Dans un pays où existe une tradition de revues féminines et féministes – la première a été créée en 1903 – An An traduit bien l’évolution du rôle de la femme. Près de 90 ans auparavant, Hiratsuka Raichô avait écrit dans le premier numéro de la revue Seitô que “la femme était à l’origine un vrai soleil. C’était un être à part entière. Aujourd’hui, la femme est une lune. Elle dépend des autres pour vivre ; elle brille grâce à la lumière des autres ; elle est semblable au visage pâle d’un malade”. Avec la création d’An An, il apparaît clairement que les choses sont en train de changer et pour longtemps. Bref, le magazine accompagne l’épanouissement d’une Japonaise plus forte et plus indépendante des hommes.

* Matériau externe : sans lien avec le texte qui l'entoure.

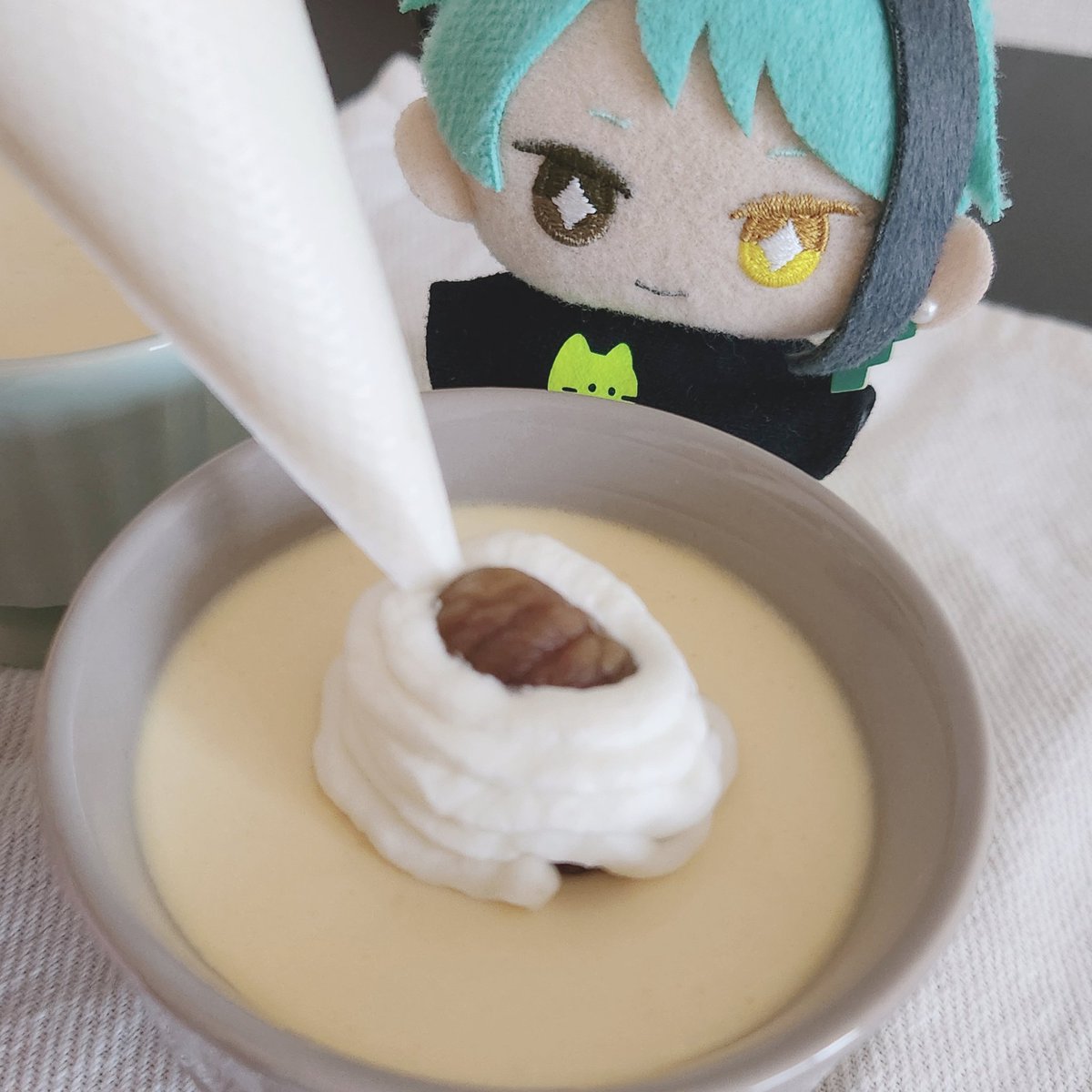 ___dama_'s tweet photo. 🌰🥢(ｽｯ)

🐬…！！ https://t.co/ISEXBW7sOM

Bien sûr, cela ne se manifeste pas immédiatement dans tous les secteurs de la vie. C’est d’abord dans le domaine des voyages qu’une prise des distances avec les conventions a commencé. Tandis que le nouveau bimensuel promeut la découverte de nouveaux univers à ses lectrices, la Japan Airlines met en service, le 1er juillet 1970, son premier Boeing 747. L’ère du Jumbo Jet et de la démocratisation du tourisme à l’étranger coïncide avec le lancement de la campagne Discover Japan (Disukabâ Japan) par la compagnie nationale des chemins de fer à l’automne de la même année. Malgré son slogan en anglais, ce programme de promotion du tourisme dans l’Archipel s’adresse avant tout au marché intérieur. Ce sont les femmes, les jeunes en particulier, qui vont répondre à cet appel. Là encore, elles font la démonstration de leur besoin de liberté. An An est encore une fois à leur côté pour les suivre sur cette voie. A l’époque, il s’agit encore d’une liberté éphémère car il existe une certaine pression sociale pour les amener à revenir dans le droit chemin, c’est-à-dire le mariage. A cette époque, les chansons à la mode ont pour titre Kekkonshiyô [Marions-nous, 1971] ou Hanayome [la Jeune mariée, 1973], mais l’on sent qu’une partie d’entre elles souhaitent s’affranchir des conventions et aller plus loin dans l’affirmation de leur indépendance notamment au niveau de l’emploi.
Dix ans après la sortie du premier numéro d’An An, un autre magazine marquera ce nouveau tournant. Il s’agit de l’hebdomadaire Torabâyu, du français “travail” lancé en février 1980. Il s’adresse à la “working woman”, désireuse de montrer qu’elle est bien plus qu’une simple consommatrice futile. La révolution continue.